Journal of Materials Science, Vol.37, No.4, 765-779, 2002
Self-consistent forms of the chemical rate theory of Ostwald ripening
The chemical rate theory of Ostwald ripening introduced by A. D. Brailsford and P. Wynblatt (Act. Metall. 27 (1979) 498) determines the mean growth rate of particles of a particular size class by solving the diffusion equations for a representative particle (radius r) surrounded by a shell of matrix (the averaging sphere, radius r(A)) outside which there is a homogeneous effective medium averaging the emission and absorption of solute atoms by the remainder of the particles. Brailsford and Wynblatt set r = r(A), in effect removing the matrix shell. It is argued herein that the feature of the theory so omitted is a very important one and we therefore use it to develop and extend the theory to make it self-consistent in the sense that the mean ratio of the particle and averaging sphere volumes is equal to the volume fraction of particles. Three self-consistent versions are developed, two of which have r(A) relatively constant for small particles and slowly increasing for particles greater than approximately average size. These were motivated by the observation from numerical simulations that small particles are little influenced by their neighbours whereas larger particles are much more strongly affected by the environment.
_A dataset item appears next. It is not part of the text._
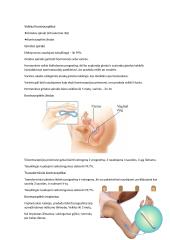 Kontracepcija konspektas 2 puslapis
Analytical expressions in terms of experimentally observable variables are given for the probability distributions for particle sizes, and tables of the parameters required to evaluate the distribution functions as a function of volume fraction are provided. It is concluded that the properties of the Brailsford and Wynblatt effective medium are closely reproduced by the alternative analytical theories, but that the idea of a matrix shell round the representative particle is unique to the chemical rate theory. It is argued that this feature makes the theory flexible and adaptable. This adaptability could be used to reproduce the results of sophisticated numerical simulations in a form which would be computationally efficient to include in wider simulations involving, say, the effect of particle growth on long term mechanical properties.